When the string is invalid, things like foreach or std.string.tolower will
just crash.
this make the string type totally unusable when processing files, since there
is no guarantee that utf8 file doesn't contain invalid utf8 chars.

So I made a utf8 decoder myself to convert char[] to dchar[]. In my decoder, I
convert all invalid utf8 chars to low surrogate code points(0x80~0xFF ->
0xDC80~0xDCFF), since low surrogate are invalid utf32 codes, I'm still able to
know which part of the string is invalid. Besides, after processing the
dchar[] string, I still can convert it back to utf8 char[] without affecting
any of the invalid part.

But it is still too easy to crash program with invalid string.
Is it possible to make this a native feature of string? Or is there any other
recommended method to solve this issue?


Thank you,
--ZY Zhou
Mar 13 2011
next sibling parent reply Jonathan M Davis <jmdavisProg gmx.com> writes:
On Sunday 13 March 2011 01:57:12 ZY Zhou wrote:
 Hi,
 
 I wrote a small program to read and parse html(charset=UTF-8). It worked
 great until some invalid utf8 chars appears in that page.
 When the string is invalid, things like foreach or std.string.tolower will
 just crash.
 this make the string type totally unusable when processing files, since
 there is no guarantee that utf8 file doesn't contain invalid utf8 chars.
 
 So I made a utf8 decoder myself to convert char[] to dchar[]. In my
 decoder, I convert all invalid utf8 chars to low surrogate code
 points(0x80~0xFF -> 0xDC80~0xDCFF), since low surrogate are invalid utf32
 codes, I'm still able to know which part of the string is invalid.
 Besides, after processing the dchar[] string, I still can convert it back
 to utf8 char[] without affecting any of the invalid part.
 
 But it is still too easy to crash program with invalid string.
 Is it possible to make this a native feature of string? Or is there any
 other recommended method to solve this issue?
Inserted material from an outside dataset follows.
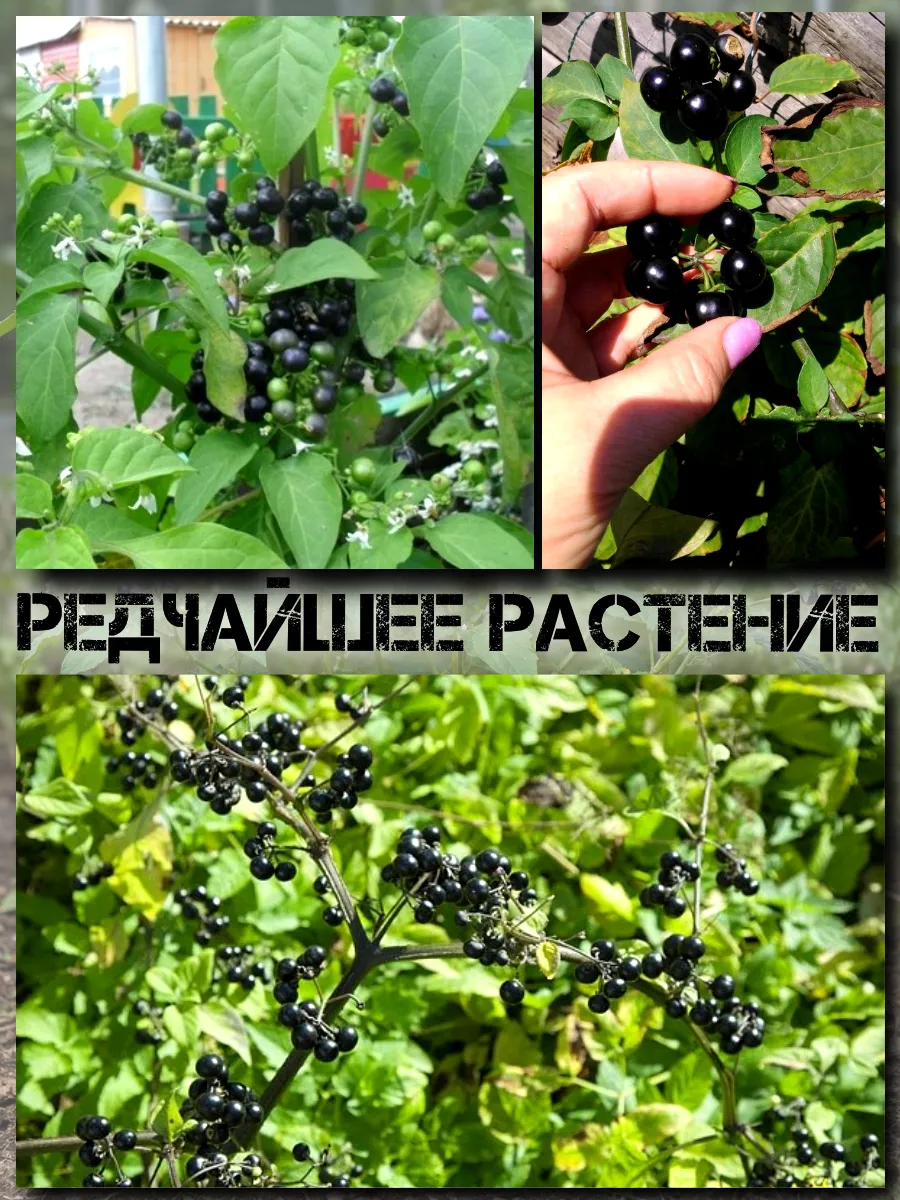  Семена Санберри, Канадская Черника 5 шт.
Check out std.utf. It has the functions for dealing with unicode stuff. - Jonathan M Davis
Mar 13 2011
next sibling parent reply ZY Zhou <rinick GeeMail.com> writes:
std.utf throw exception instead of crash the program. but you still need to add
try/catch everywhere.

My point is: this simple code should work, instead of crash, it is supposed to
leave all invalid codes untouched and just process the valid parts.

Stream file = new BufferedFile("sample.txt");
foreach(char[] line; file) {
   string s = line.idup.tolower;
}
Mar 13 2011
next sibling parent %u <e ee.com> writes:
== Quote from ZY Zhou (rinick GeeMail.com)'s article
 std.utf throw exception instead of crash the program. but you still need to add
 try/catch everywhere.
 My point is: this simple code should work, instead of crash, it is supposed to
 leave all invalid codes untouched and just process the valid parts.
 Stream file = new BufferedFile("sample.txt");
 foreach(char[] line; file) {
    string s = line.idup.tolower;
 }

At first glance I would like to overload the opInvalid? function in the stream such that iso a throw, the char would be ignored. Disclaimer: I don't know D2 nor streams :)
Mar 13 2011
prev sibling next sibling parent reply ZY Zhou <rinick GeeMail.com> writes:
 but I think that it's completely unreasonable to expect
 all of the string-based and/or range-based functions to be able to handle
 invalid unicode.

As I explained in the first mail, if utf8 parser convert all invalid utf8 chars to low surrogate code points(0x80~0xFF -> 0xDC80~0xDCFF), other string related functions will still work fine, and you can also handle these error if you want string s = "\xa0"; foreach(dchar d; s) { if (isValidUnicode(d)) { process(d); } else { handleError(d); } } == Quote from Jonathan M Davis (jmdavisProg gmx.com)'s article
 On Sunday 13 March 2011 04:34:24 ZY Zhou wrote:
 std.utf throw exception instead of crash the program. but you still need to
 add try/catch everywhere.

 My point is: this simple code should work, instead of crash, it is supposed
 to leave all invalid codes untouched and just process the valid parts.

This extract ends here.